* [How to complete this task]: Once the line with "You'll now see" is found in the entries below, repeat it and each following line exactly, up to and including the line with "This effect is". Add no other lines.

* [Excerpted data]:

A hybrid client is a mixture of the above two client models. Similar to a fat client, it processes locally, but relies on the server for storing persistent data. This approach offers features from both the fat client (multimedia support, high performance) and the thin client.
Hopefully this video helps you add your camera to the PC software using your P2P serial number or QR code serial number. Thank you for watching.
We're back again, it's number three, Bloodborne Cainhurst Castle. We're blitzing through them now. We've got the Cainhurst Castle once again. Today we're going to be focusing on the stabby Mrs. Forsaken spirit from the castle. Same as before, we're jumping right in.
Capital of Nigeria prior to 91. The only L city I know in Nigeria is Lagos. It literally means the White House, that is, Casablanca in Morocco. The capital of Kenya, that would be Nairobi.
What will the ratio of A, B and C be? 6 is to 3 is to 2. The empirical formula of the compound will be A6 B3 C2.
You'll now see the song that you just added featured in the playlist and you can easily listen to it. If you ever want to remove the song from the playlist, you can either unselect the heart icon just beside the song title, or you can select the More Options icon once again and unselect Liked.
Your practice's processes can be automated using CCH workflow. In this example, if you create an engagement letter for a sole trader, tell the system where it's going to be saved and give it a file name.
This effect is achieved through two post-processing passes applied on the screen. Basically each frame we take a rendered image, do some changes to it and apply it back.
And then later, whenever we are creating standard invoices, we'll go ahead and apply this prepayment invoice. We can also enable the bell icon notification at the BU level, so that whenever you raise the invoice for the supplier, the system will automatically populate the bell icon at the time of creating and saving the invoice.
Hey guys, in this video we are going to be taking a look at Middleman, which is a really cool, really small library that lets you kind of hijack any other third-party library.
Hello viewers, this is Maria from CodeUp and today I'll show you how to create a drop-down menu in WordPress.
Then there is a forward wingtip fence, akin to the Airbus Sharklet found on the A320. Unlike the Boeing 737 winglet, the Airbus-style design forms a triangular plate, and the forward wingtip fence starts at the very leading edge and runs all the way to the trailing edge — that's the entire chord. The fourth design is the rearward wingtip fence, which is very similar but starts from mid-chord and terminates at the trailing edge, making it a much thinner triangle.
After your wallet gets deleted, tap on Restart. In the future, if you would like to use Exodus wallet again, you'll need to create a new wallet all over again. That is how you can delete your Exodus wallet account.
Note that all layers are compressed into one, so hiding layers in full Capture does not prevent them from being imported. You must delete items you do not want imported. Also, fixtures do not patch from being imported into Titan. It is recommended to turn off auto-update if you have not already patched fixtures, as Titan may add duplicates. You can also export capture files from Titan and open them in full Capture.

* [Response area]:
You'll now see the song that you just added featured in the playlist and you can easily listen to it. If you ever want to remove the song from the playlist, you can either unselect the heart icon just beside the song title, or you can select the More Options icon once again and unselect Liked.
Your practice's processes can be automated using CCH workflow. In this example, if you create an engagement letter for a sole trader, tell the system where it's going to be saved and give it a file name.
This effect is achieved through two post-processing passes applied on the screen. Basically each frame we take a rendered image, do some changes to it and apply it back.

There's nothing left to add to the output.